* [DATA SECTION]
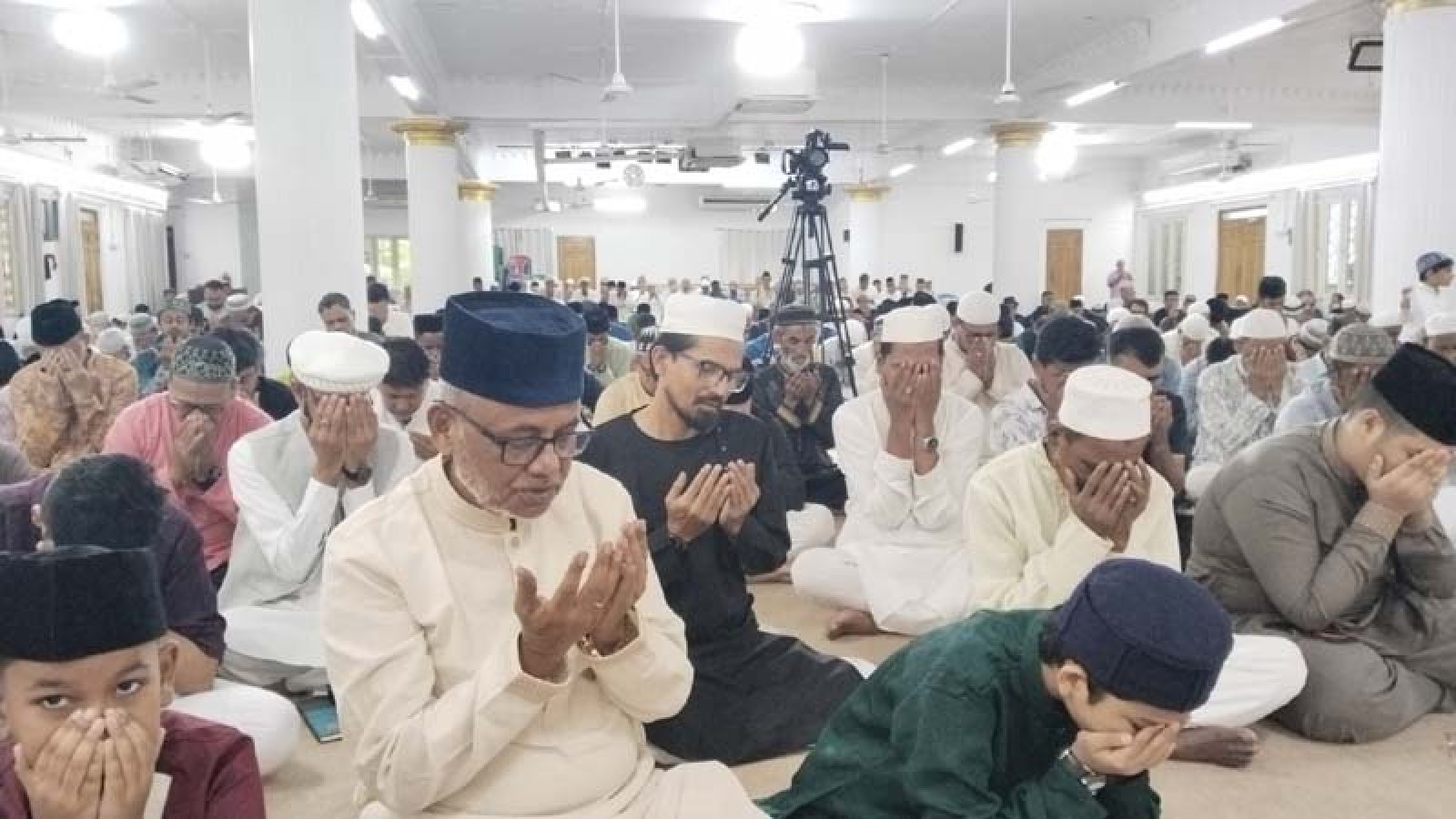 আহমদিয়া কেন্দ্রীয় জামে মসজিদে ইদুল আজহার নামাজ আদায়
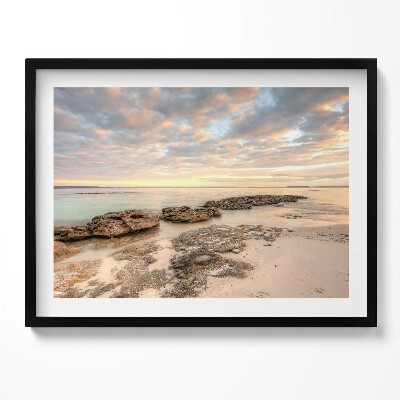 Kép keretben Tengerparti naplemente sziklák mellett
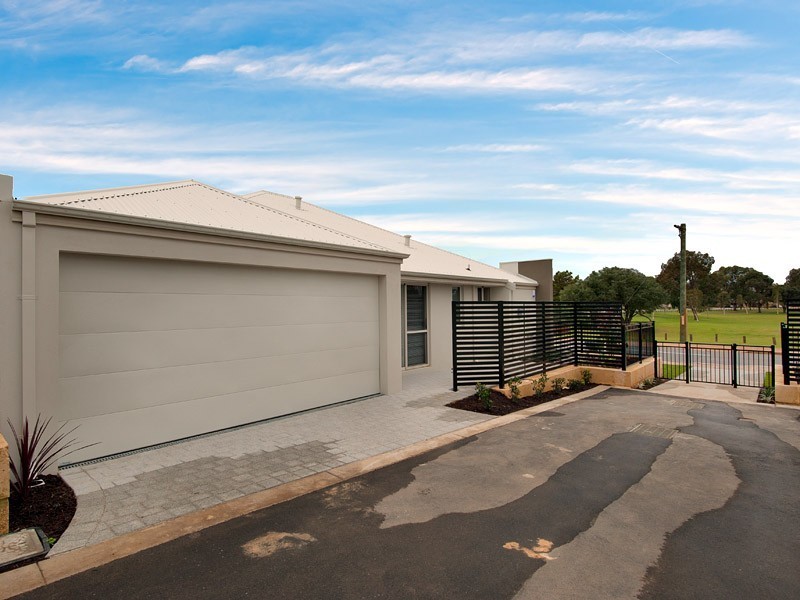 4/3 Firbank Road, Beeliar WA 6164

* [WHAT TO DO] The whole listing is to be retyped exactly, with its pictures removed.

* [PROBLEM SOLUTION]
 আহমদিয়া কেন্দ্রীয় জামে মসজিদে ইদুল আজহার নামাজ আদায়
 Kép keretben Tengerparti naplemente sziklák mellett
 4/3 Firbank Road, Beeliar WA 6164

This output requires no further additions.